Rossinis Jubiläum ist verklungen, und die Artikel der Tagesblätter zu seinen Ehren oder Unehren sind verrauscht. Was mir in den letzteren am meisten zu denken gab, ist die nachlässige Art, mit welcher man über die Einzelschönheiten, über die elementar musikalischen Offenbarungen des Meisters hinweggeht, um die Frage einzig nach Auffassung, Charakteristik, Dramatik und »Tiefe« zu stellen. Von dem Rossinischen Feuer des Tempo, von dem schwebenden Flug seiner Allegri, von dem zauberhaften Dekrescendo am Schluß seiner Einleitungen zur Ouverture (z. B. bei Tancred und Semiramis), von dem goldenen Vokalklang seiner a capella-Stücke (z. B. der As-Dur-Intermezzi im Barbier und im Othello), von dem wunderbaren Rücken der Harmonie in den Übergängen, von den schwellenden Akzenten seiner Melodien, welche die Seele schon auf rein psychomechanischem Wege zum Jauchzen zwingen, von seiner Kunst, durch die einfachste Intervallenfolge innerhalb des Dreiklanges beiläufig Kavatinen und Refrains zu gestalten, und tausend andern Genialitäten kaum eine Andeutung; als ob das Nebensachen wären.

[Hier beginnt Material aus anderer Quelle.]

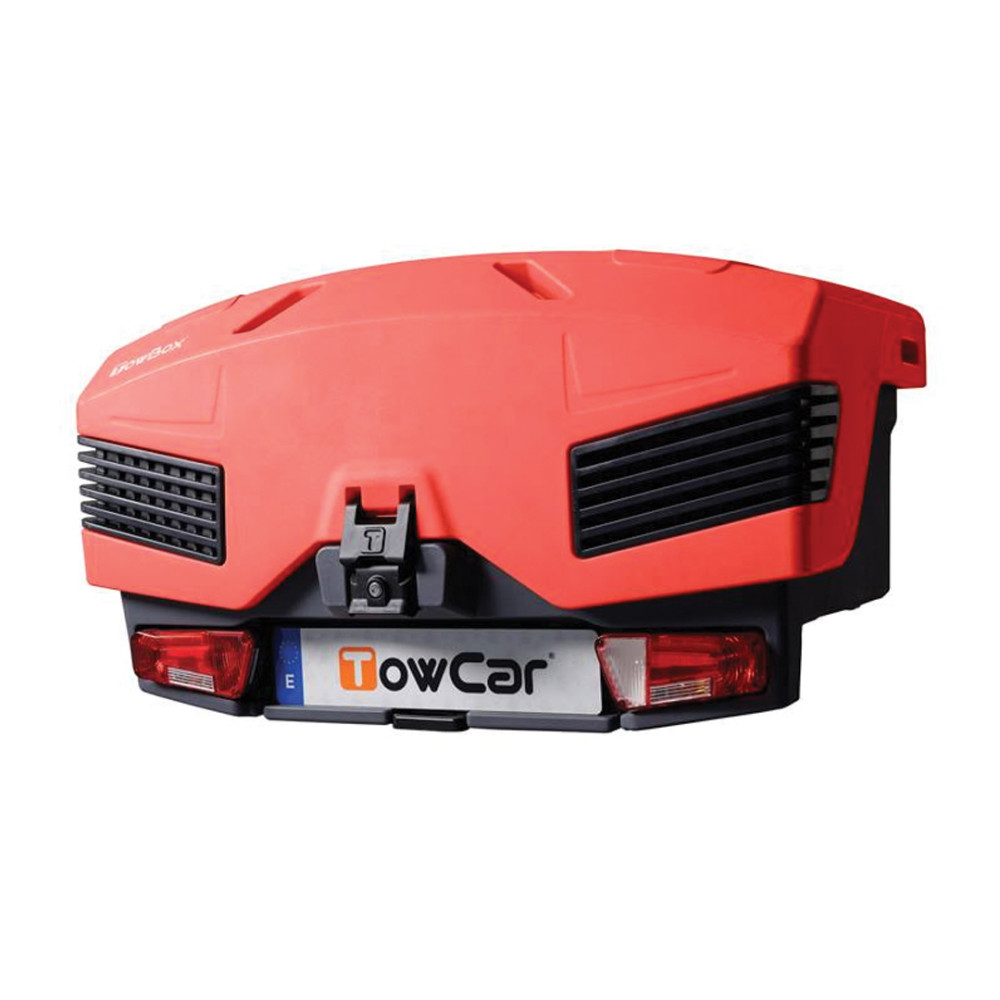 Cutie portbagaj pe carligul de remorcare TowBox Evo, Emotion Rosu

Ich behaupte aber, der öffentlichen Meinung zum Trotz, daß das die Hauptsache und das übrige die Nebensache sei. Und bei dieser Gelegenheit möchte ich mir erlauben, gegenüber der maßlosen Überschätzung der Kunst oder vielmehr des Kunstmäßigen und Beziehungsvollen gegenüber der elementaren, unmittelbar durch sich selbst, ohne Rücksicht auf den Zusammenhang wirkenden Schönheit ein warnendes Wort zu sprechen. Es gibt nicht bloß unsterbliche Werke, sondern auch unsterbliche Motive, ja unsterbliche Takte. Mag auch die Form des Ganzen noch so verfehlt, der Oberzweck, dem die Einzelheit dienen soll, noch so ungereimt und vergänglich, der Ausdruck noch so unpassend für den bestimmten Anlaß sein, Melodien, Motive und Harmonienfolgen ersten Ranges können zwar vergessen und verstäubt, nie aber entwertet werden. Ein Umschwung der Mode oder auch bloß ein naives Ohr und Gemüt – und sofort strahlt ihr Glanz wieder wie vor hundert Jahren.
Umgekehrt schwebt über der zweckmäßigsten, geschlossensten Kunst, wofern sie nicht in ihren Unterabteilungen mit Einzelschönheit auszahlt, die Drohung, eines Tages zu veralten und dann auf Nimmerwiedersehen. Die Nachwelt wird das Plan-, Zweck- und Gesetzmäßige der Form als ein Zeugnis des starken Willens achtend erwähnen, aber die betreffenden Werke der Geschichte überweisen und zwar der Geschichte des barbarischen Fleißes, dahin, wo die indischen Welt- und Zeichensysteme, die spekulative Philosophie, die scholastische Theologie und zahlreiche ähnliche kunstvolle Spintisierungen eines die Grundlage verlassenden Menschengeistes kaserniert wohnen. Eine Kunst ohne Einzelschönheiten, die für sich allein schon unmittelbar bezaubern, ist ein Zeichen barbarischer Völker oder Zeiten. Ich nenne das etwas ungenau aber deutlich: Wischnu.
Wer sich gegen diese Behauptungen sträubt, dem möchte ich folgendes zu bedenken geben:
Erfahrungsmäßig wird der schaffende Künstler hauptsächlich von den Einzelheiten eines Gemäldes entzückt, während der Laie, der Kunstkenner und der Ästhetiker ausschließlich den Zweck und die Kunstmäßigkeit des Ganzen ins Auge fassen. Niemand wird aber darüber im Zweifel sein, welches der beiden Urteile maßgebender ist. Ferner: die größten Meister der geschlossenen Form, z. B. Shakespeare, Schiller und Dante, haben gleichwohl der Einzelschönheit so großes Gewicht beigemessen, daß Seite für Seite, ja Satz für Satz mit solcher ausgerüstet erscheint. Man nenne mir doch solche Kunstwerke der Vergangenheit, welche einzig und allein durch ihre dramatische oder sonstige planmäßige Kraft fortlebten. Dagegen sind ewige Werke, denen Form oder Schluß fehlt, in einer erlauchten zahlreichen Elite vorhanden: z. B. Ilias, Orlando, Don Quichote. Endlich das schlagendste Beispiel: die göttliche Komödie. Als Gesamtkunstwerk für uns Wischnu, durch die Einzelschönheiten in Ewigkeit genießbar.